GIVEN RECORDS
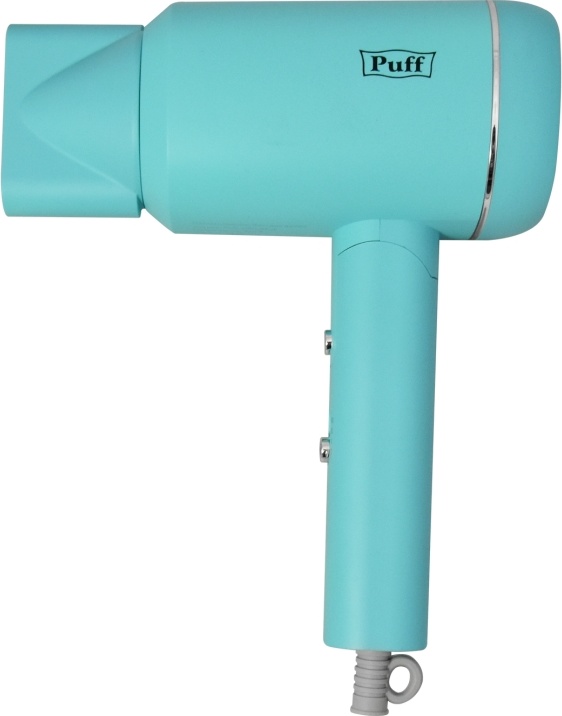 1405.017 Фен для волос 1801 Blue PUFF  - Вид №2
==
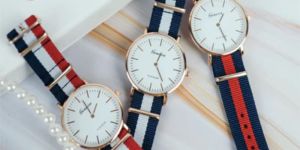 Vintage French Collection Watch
* * *
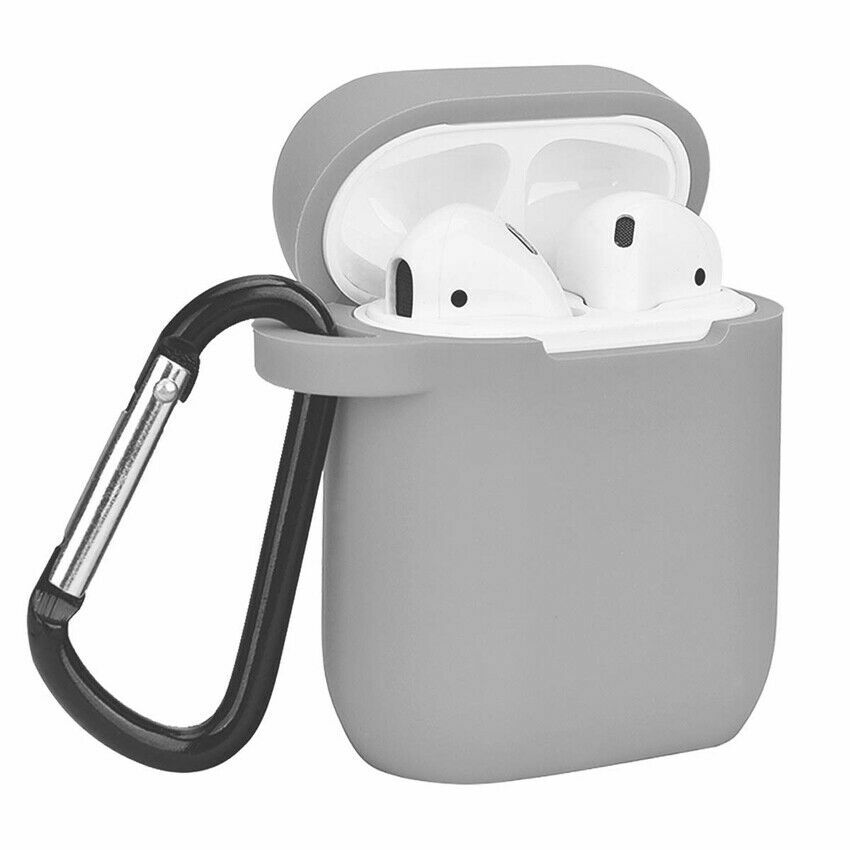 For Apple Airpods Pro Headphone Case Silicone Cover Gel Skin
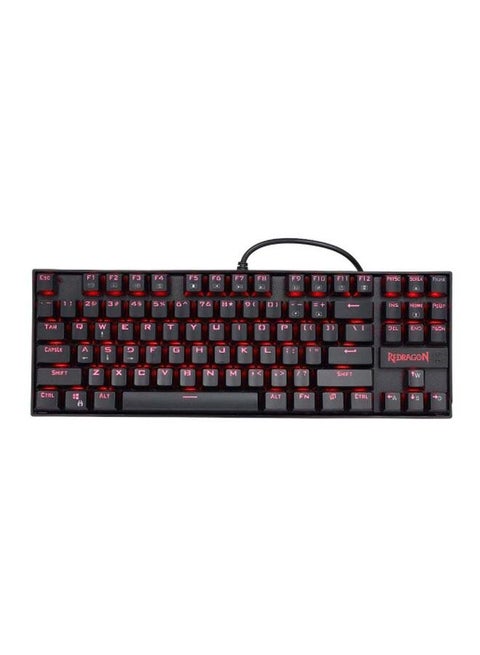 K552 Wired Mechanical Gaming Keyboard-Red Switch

EXERCISE BRIEF
With pictures omitted, repeat the entries above word for word from the line holding "For Apple Airpods" down to the line holding "K552 Wired Mechanical", keeping both of those lines.

TASK OUTPUT
 For Apple Airpods Pro Headphone Case Silicone Cover Gel Skin
 K552 Wired Mechanical Gaming Keyboard-Red Switch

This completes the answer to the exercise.